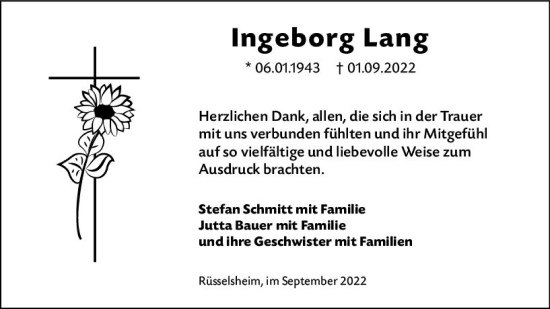 Traueranzeige von Ingeborg Lang von vrm-trauer Rüsselsheimer Echo / MainSpitze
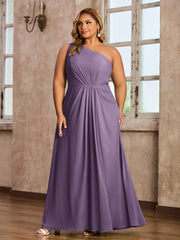 One-Shoulder Chiffon Max Dresses with Slit-Plum Plus Size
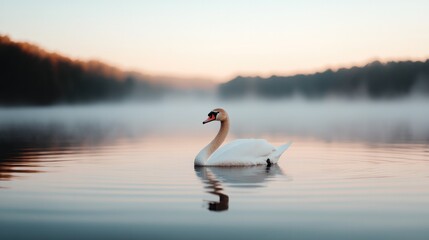 Fototapeta premium Graceful swan glides through serene lake surrounded by misty mor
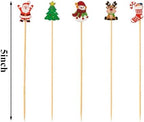 Jiesky 125pcs 5in Christmas Cocktail Picks Christmas Tree Snowman Santa Claus Reindeer Christmas Stocking Bamboo Cocktail Toothpicks Fruit Food Appetizer for Christmas Party Decorations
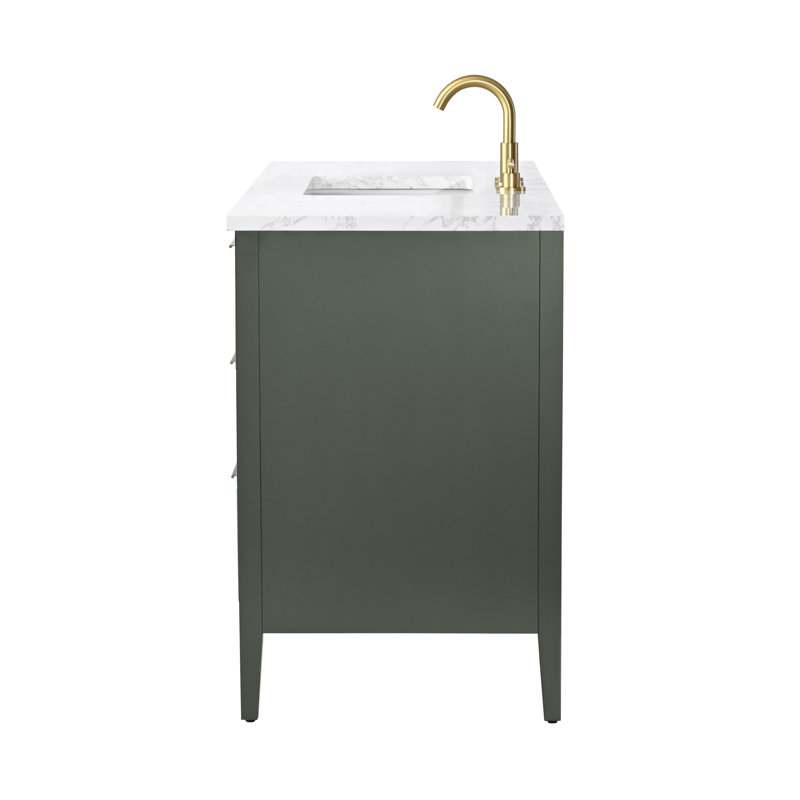 Emma 48" W Single Vanity, Vintage Green/Brushed Bronze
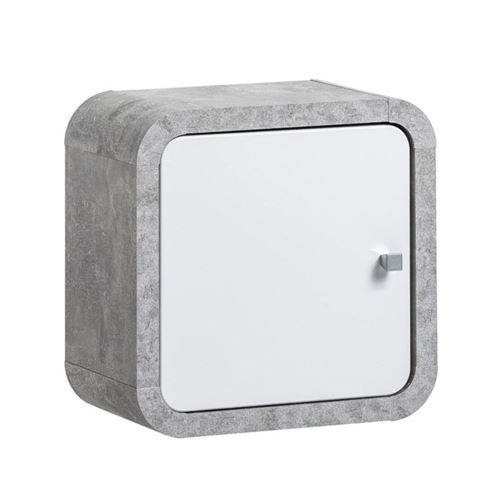Paris Prix - étagère Murale Design 1 Porte wally 35cm Argent
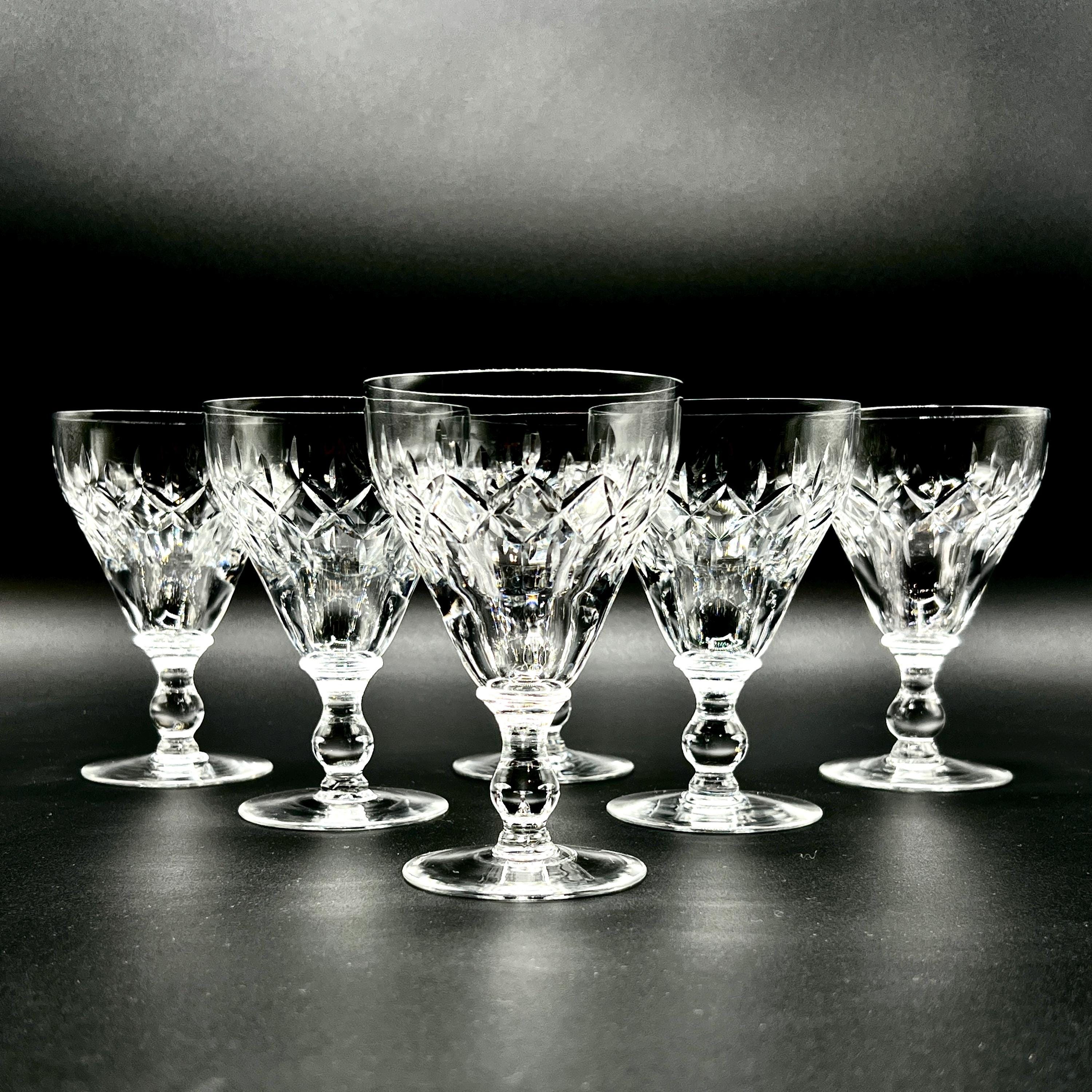English Cut Crystal Wine Glasses Short Stem Goblets Vintage Set of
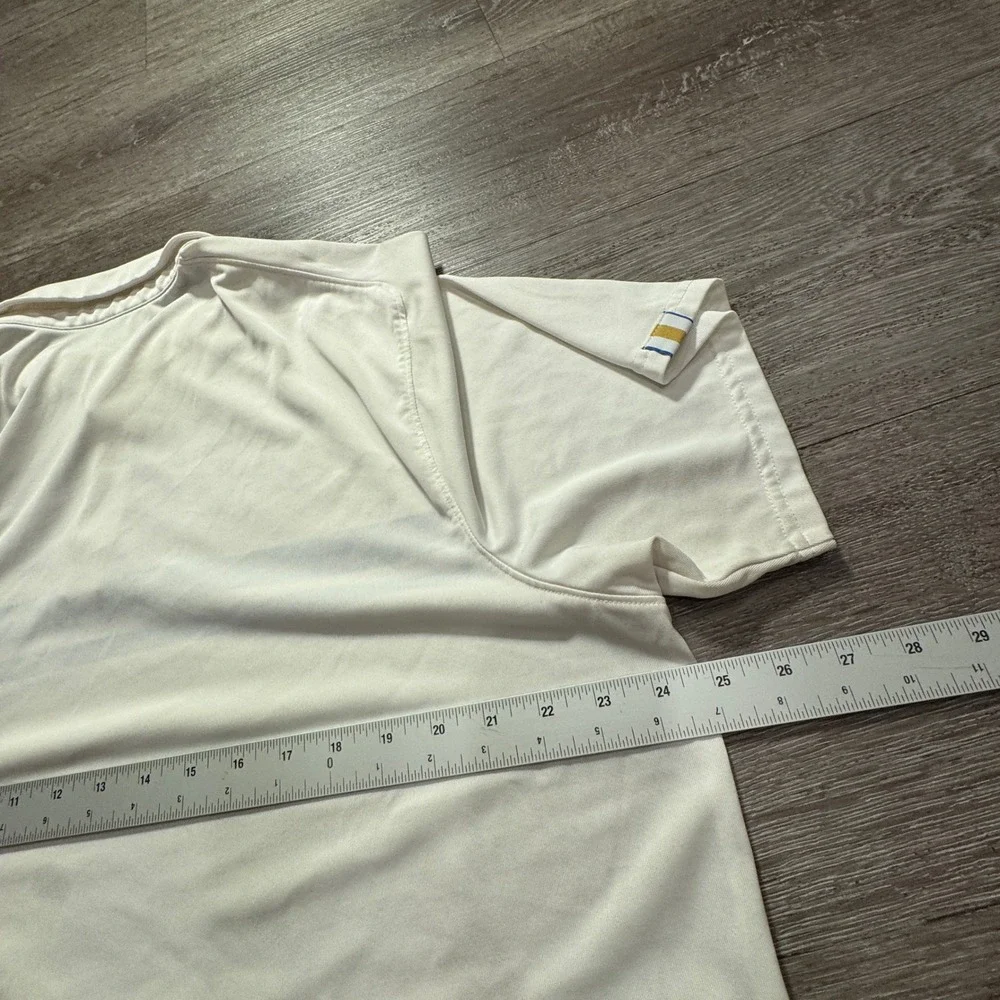 Under Armour Polo Shirt Mens 2XL White Striped Polyester UCLA HeatGear Golf Top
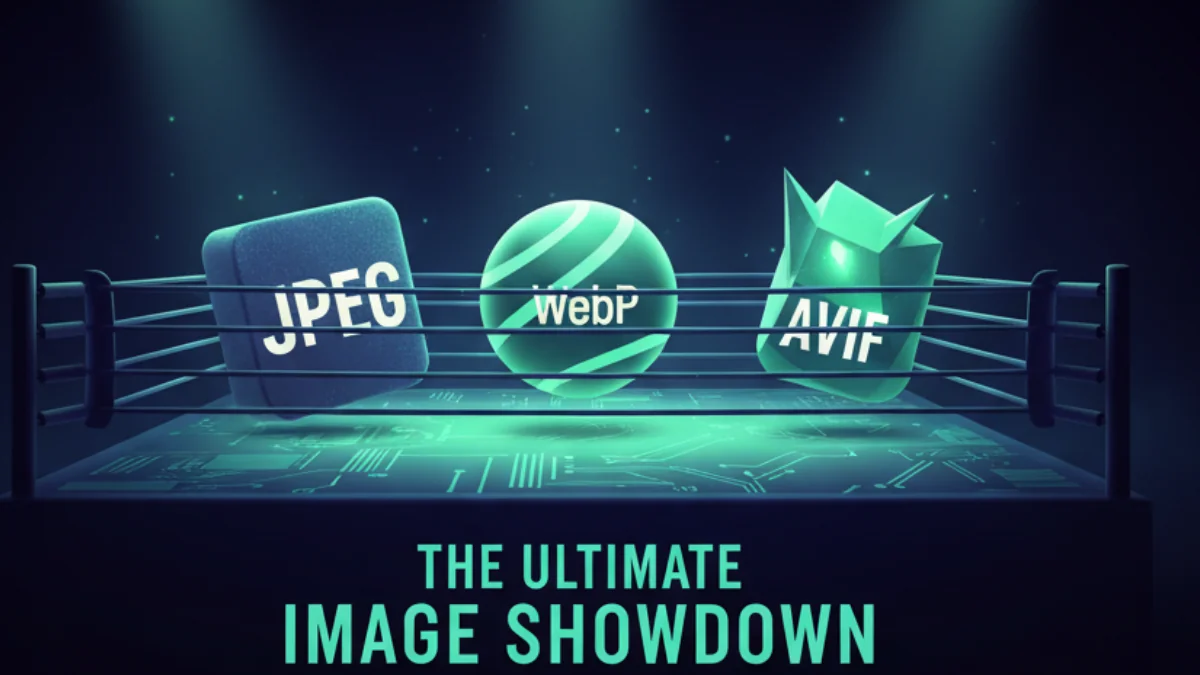 Format battle - Comparative graph WebP AVIF JPEG file size quality browser compatibility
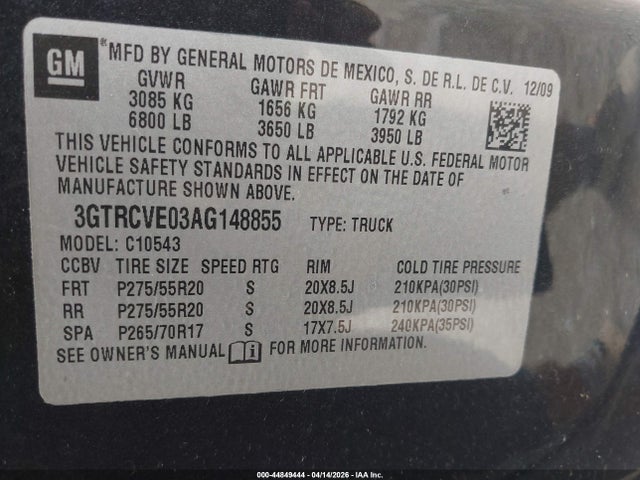 Продажа на аукционе авто 2010 Gmc Sierra 1500 Sle, vin: 3GTRCVE03AG148855, номер лота: 44849444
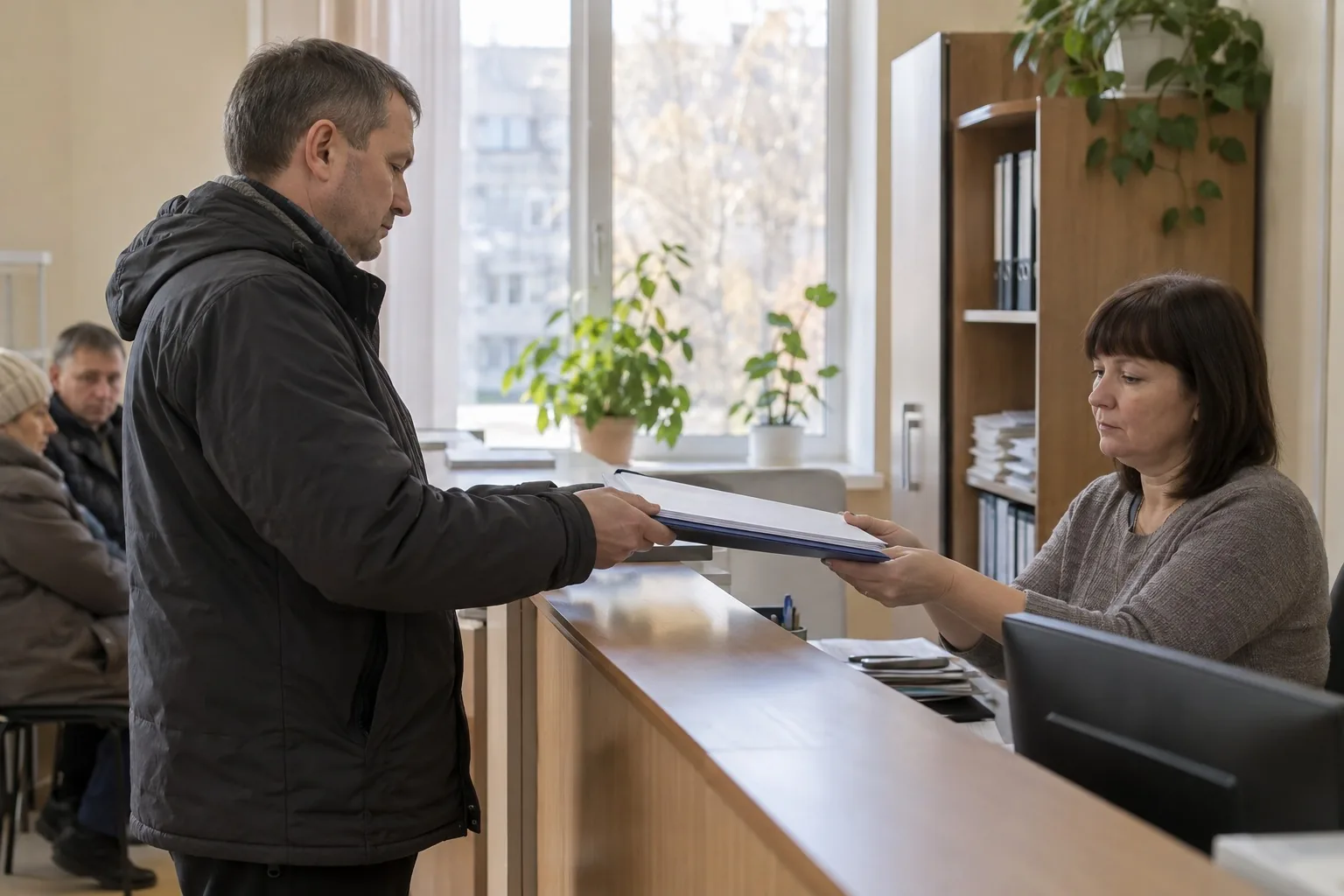 Мужчина у стойки приёма документов передаёт сотруднице папку с бумагами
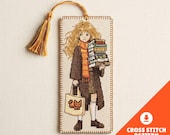 Book lover bookmark cross stitch pattern, reading girl PDF download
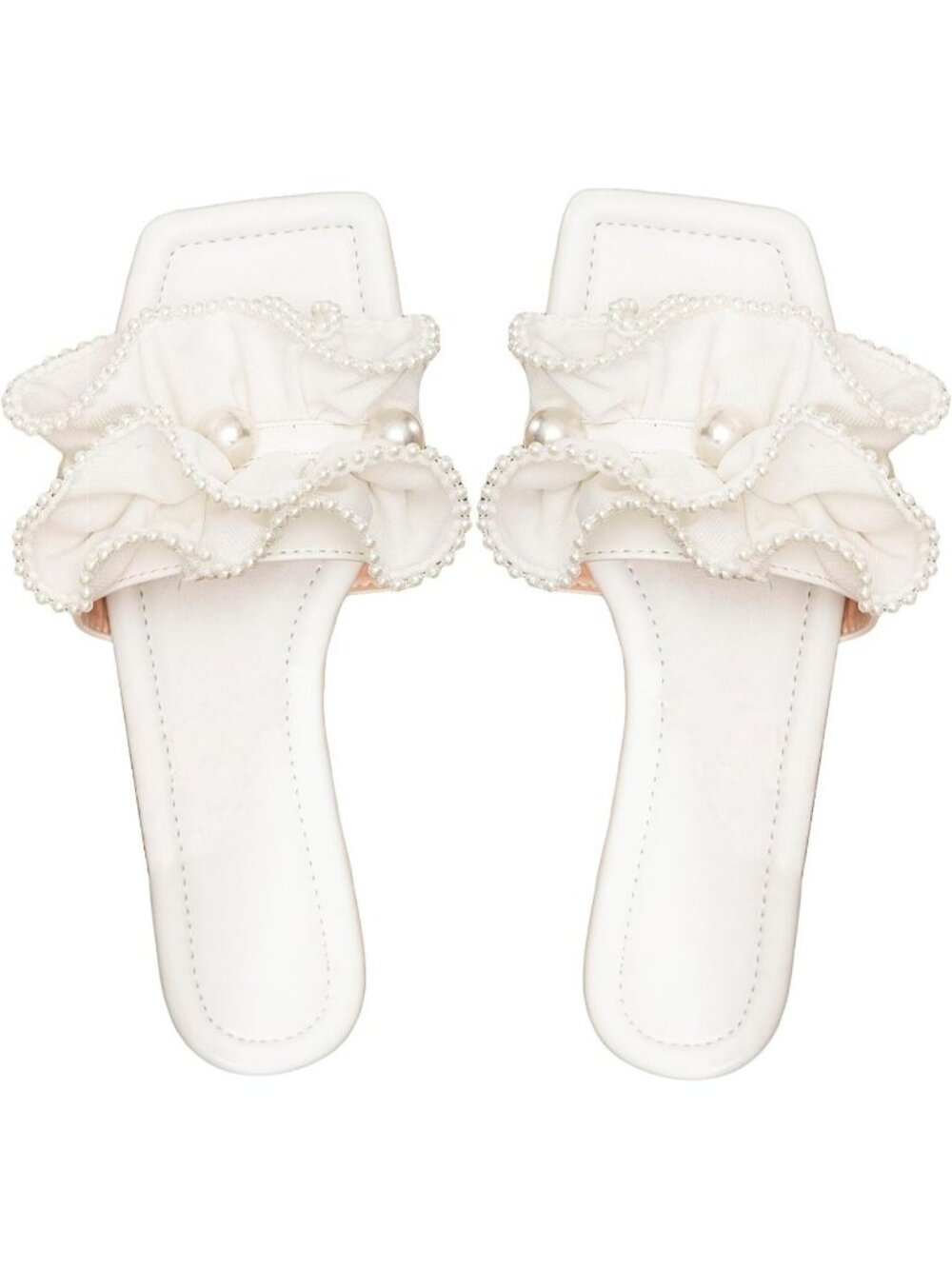Women's White Summer Ruffle Pearl Wedding Square Toe Slip on Slides Flat Slipper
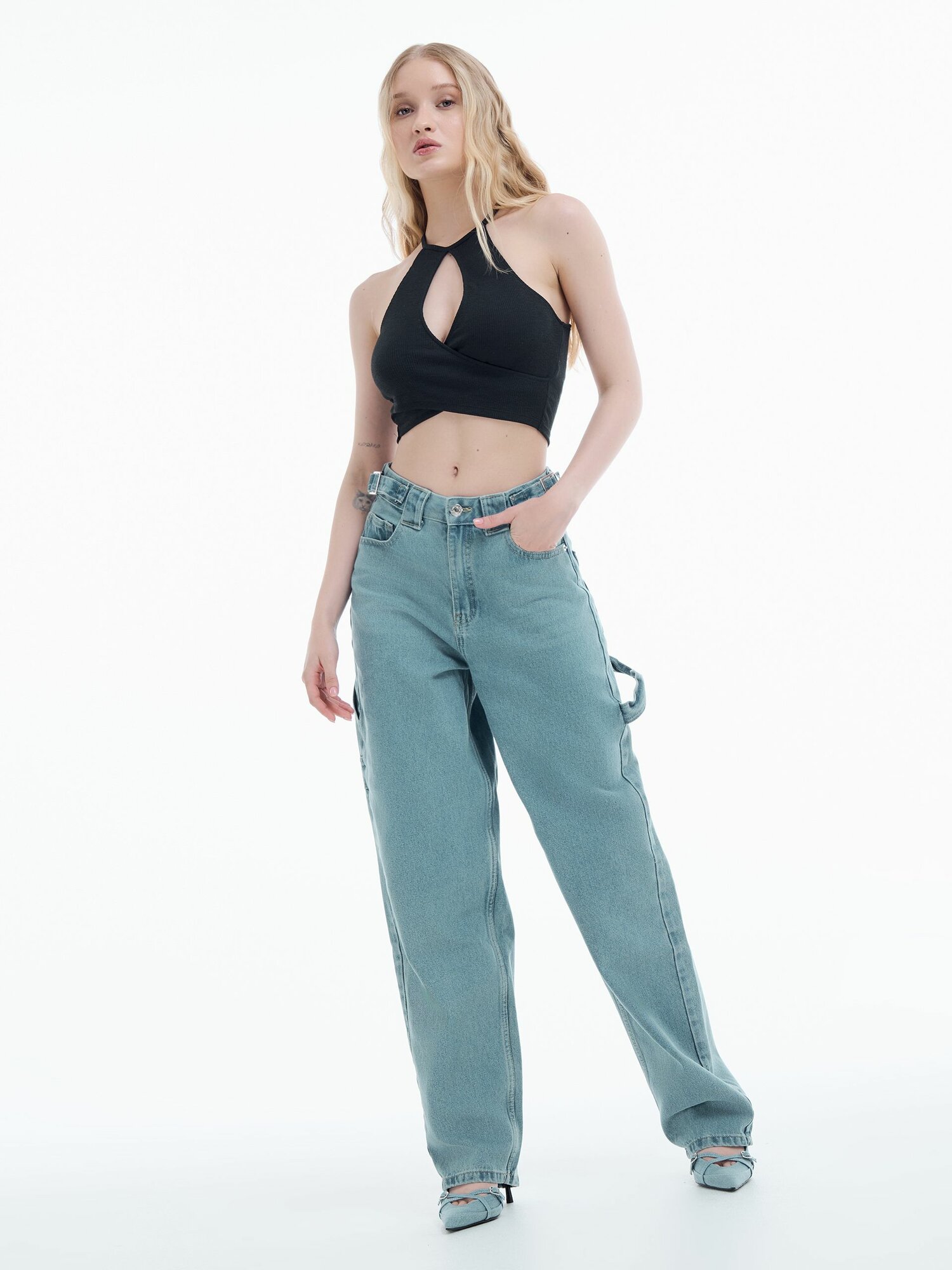 Джинсы багги ТВОЕ, размер XS, голубой — фото 1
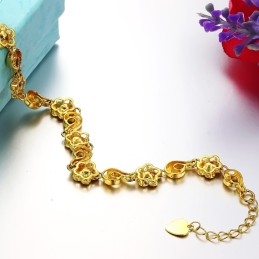 Bracelet En Plaqué Or 18 Carats En Forme De Fleur Pour Femme, De Qualité Fiable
+++
▶ [PROBLEM TO SOLVE] Would you write out exactly the lines above, starting at the line containing "One-Shoulder Chiffon Max" and stopping after the line containing "Jiesky 125pcs 5in"? Omit the pictures.

▶ [ANSWER FOR THIS EXERCISE]
 One-Shoulder Chiffon Max Dresses with Slit-Plum Plus Size
 Fototapeta premium Graceful swan glides through serene lake surrounded by misty mor
 Jiesky 125pcs 5in Christmas Cocktail Picks Christmas Tree Snowman Santa Claus Reindeer Christmas Stocking Bamboo Cocktail Toothpicks Fruit Food Appetizer for Christmas Party Decorations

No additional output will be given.